The problem is, there were never millions at stake. Except apparently in Rwanda, but I'll get to that later.
To me the problems clearly outweigh the benefits, and not just on a theoretical level, but on a practical one. Eg. Saddam was a typical dictatorial leader. His primary occupation was staying in power. To this end he favored his Sunni muslims and oppressed the Shia and the Kurds. Several thousand people died during his rule because of the way he handled this. I'm reffering to his oppresion of the Shia and Kurds, in retaliation for their uprisings. Uprisings, I might add encouraged by the US. The wars he involved Iraq in are another matter, because they have complex backgrounds.
Through oppression he held the volatile nature of Iraq in check. He was good at it, because he knew the people he was ruling, and was pretty much a product of that part of the world. If he wasn't capable he wouldn't have ruled Iraq for more than two decades.
Then he was removed.
Whatever numbers you favor, the civillian casualties that were the result of the chaos that followed the invasion make Saddam's crimes pale in comparison.

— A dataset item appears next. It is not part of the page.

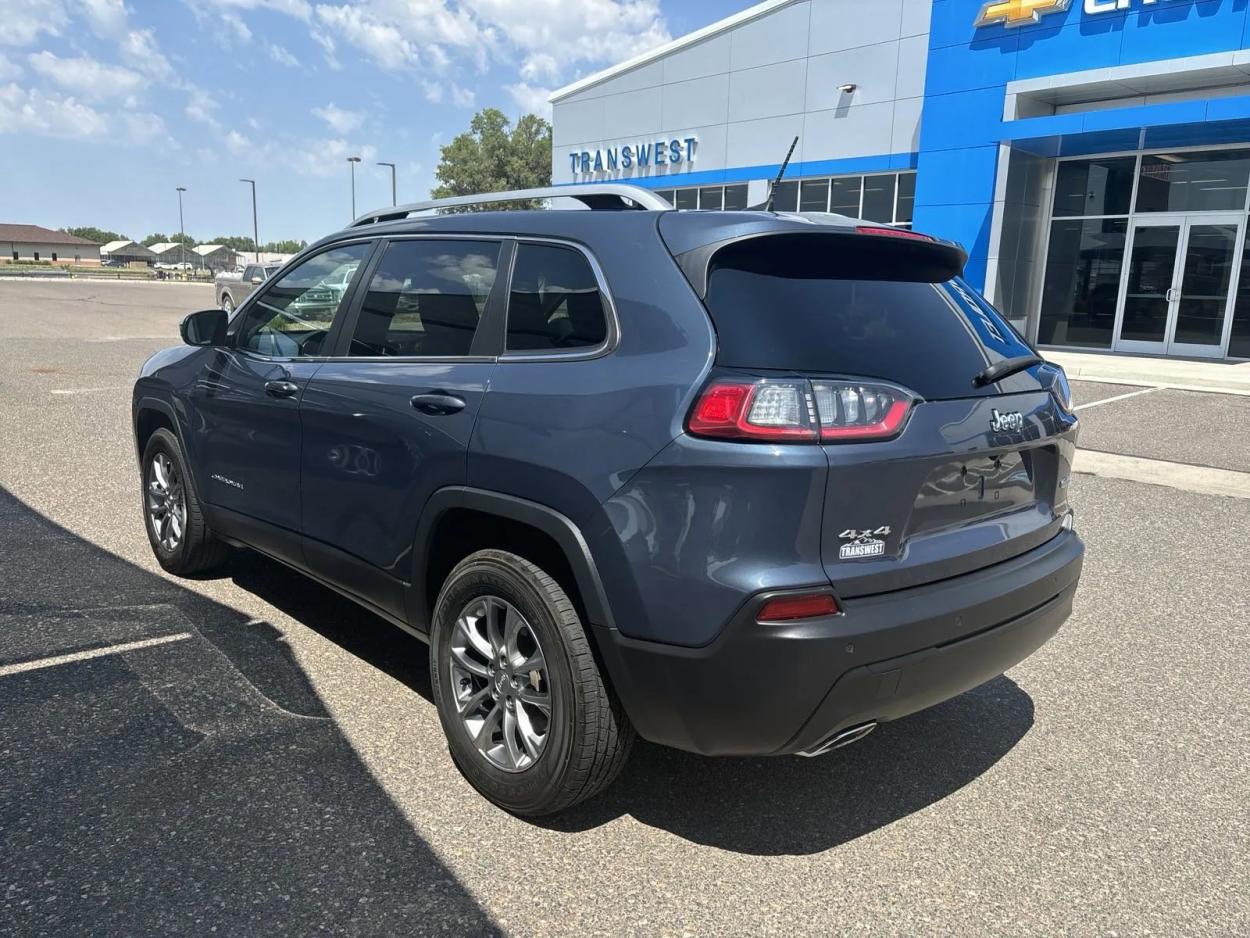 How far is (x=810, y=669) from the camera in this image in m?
2.28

My basic logic is this. If I, as a mere student of politics could forsee that once Saddam was gone all hell was going to break loose, its idiotic not to assume that top people in the Pentagon didn't know it as well. They knew it, yet they decided to go through with it. That would mean they simply didn't care, because if they did the most logical course of action would have been to let Saddam fall on his own. Saddam's fall was a matter of time, and it might have been the opportunity for a peaceful change of regime.

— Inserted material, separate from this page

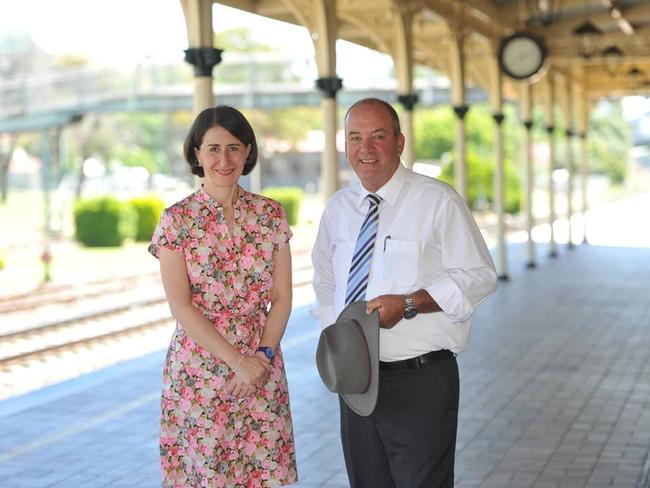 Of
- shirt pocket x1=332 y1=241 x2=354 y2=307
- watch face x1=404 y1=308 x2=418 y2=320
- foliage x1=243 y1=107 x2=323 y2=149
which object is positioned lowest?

The image the media wants you to believe prior to an intervention is that you're preventing another holocaust. Thus, anything you do can't be as bad as what's already happening. This had no grounding in facts, anywhere in the world except Rwanda. Rwanda is the only proven modern genocide, where in the space of 3 months about a million people were killed. Rwanda aside, the interventions in the Balkans, i Iraq etc did nothing but add more fuel to the fire, and made the final solution much more distant.